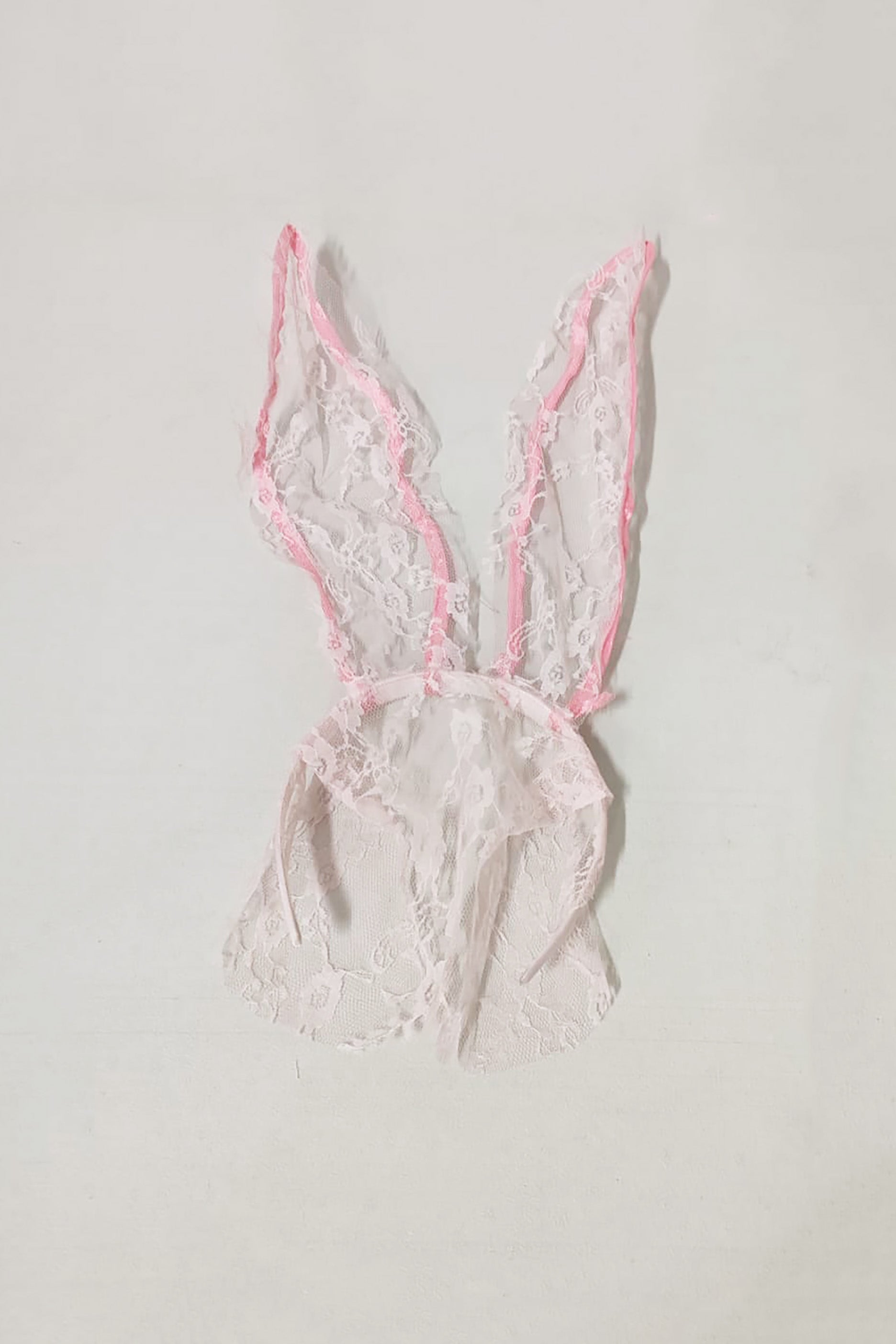 Pink Lace Rabbit Ears Headband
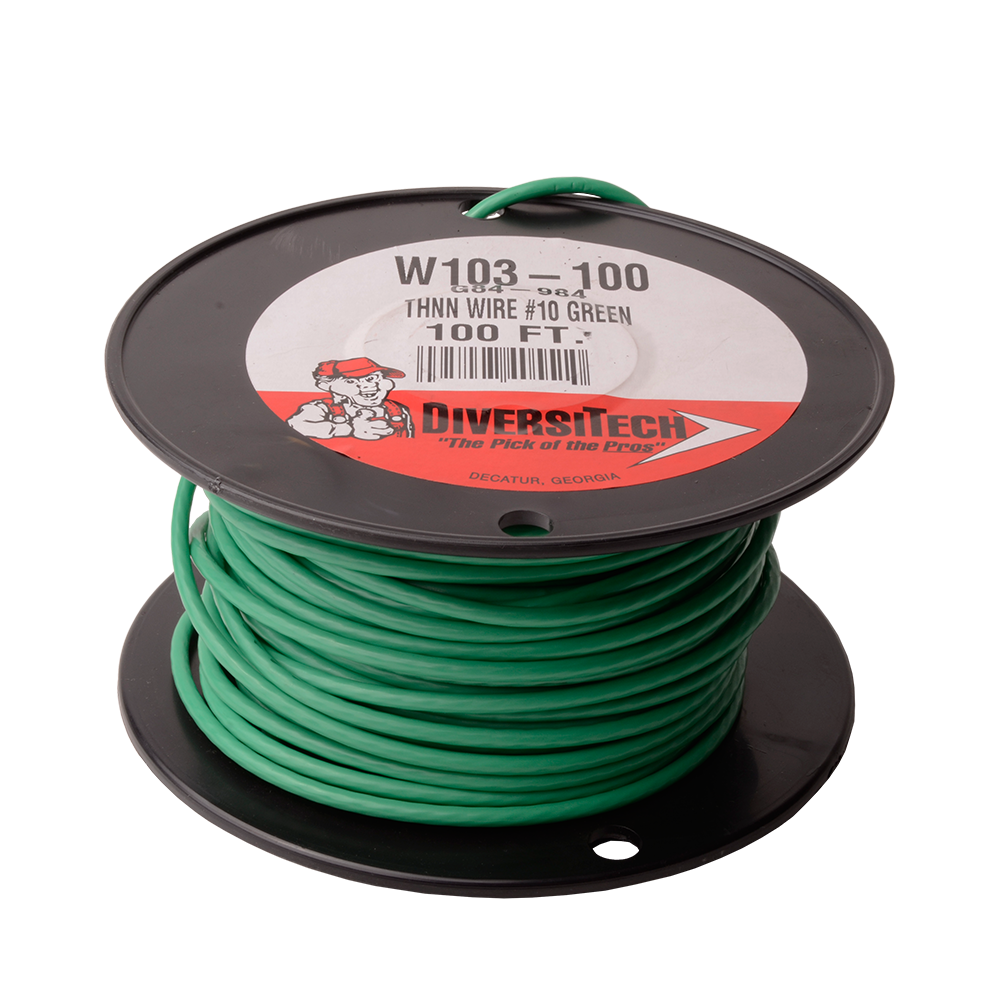 DiversiTech W103-100 Wire Copper 10G 100 ft. Green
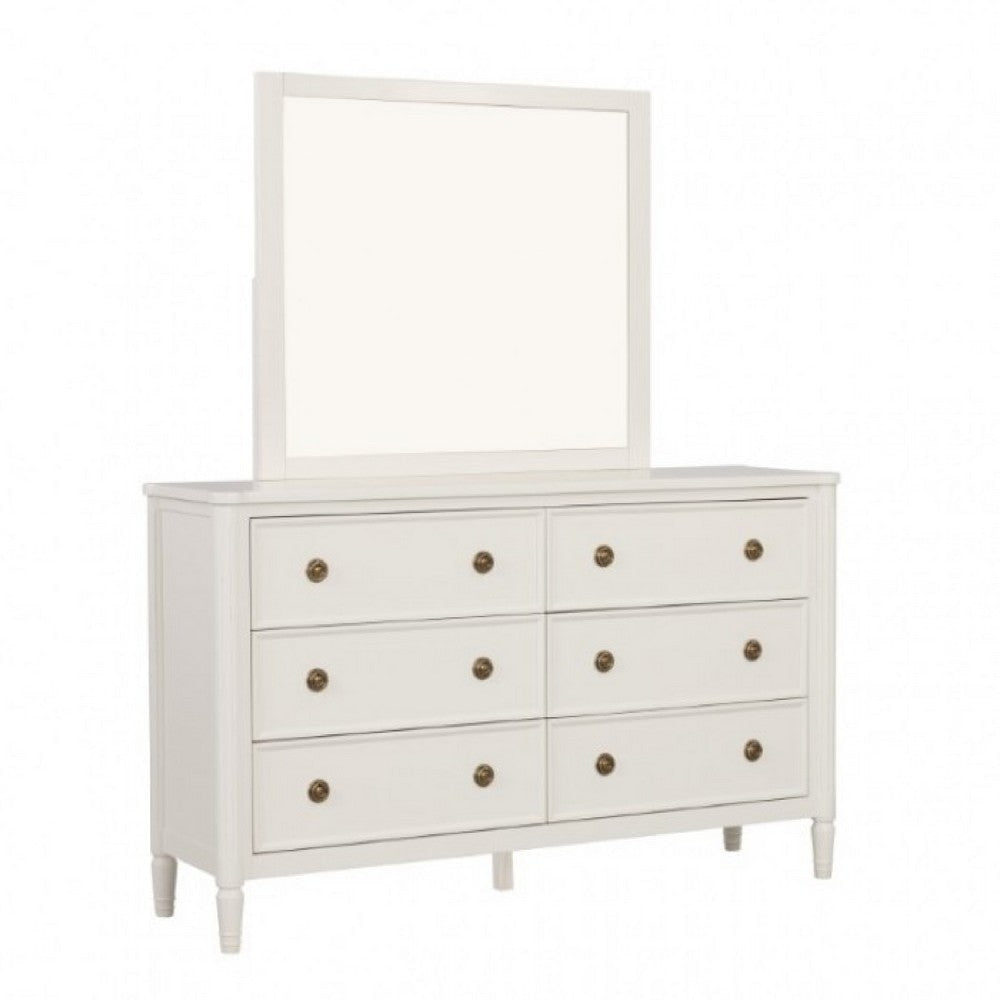 Alta Wide Dresser | 6 Drawers | Gold Handles | White Solid Wood | 62"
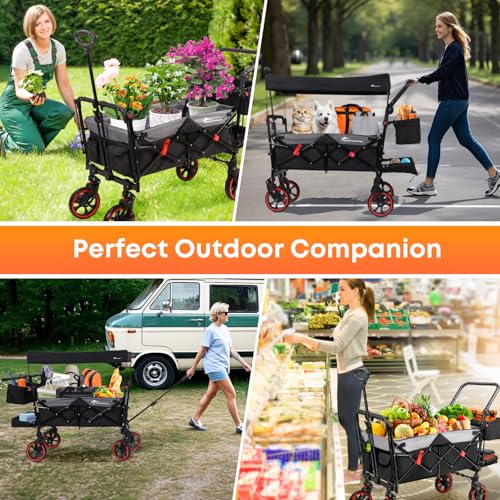 Canopy Wagon Trolley, Large Capacity, Foldable,Traveling-B - color: Black, size: CTM6Plus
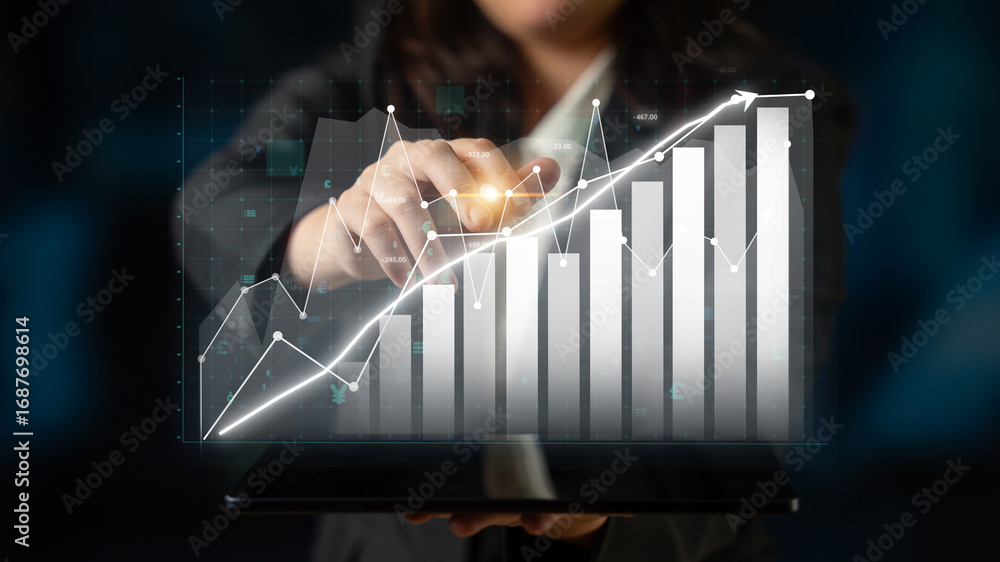 Poster a business professional interacts with a digital tablet displaying financial graphs and growth data,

◇ ◇ ◇ ◇

TASK OBJECTIVE: Transcribe exactly the lines running from the line with "Canopy Wagon Trolley, Large" to the last line of the entries. Pictures stay out of the copy.

PROBLEM SOLUTION:
 Canopy Wagon Trolley, Large Capacity, Foldable,Traveling-B - color: Black, size: CTM6Plus
 Poster a business professional interacts with a digital tablet displaying financial graphs and growth data,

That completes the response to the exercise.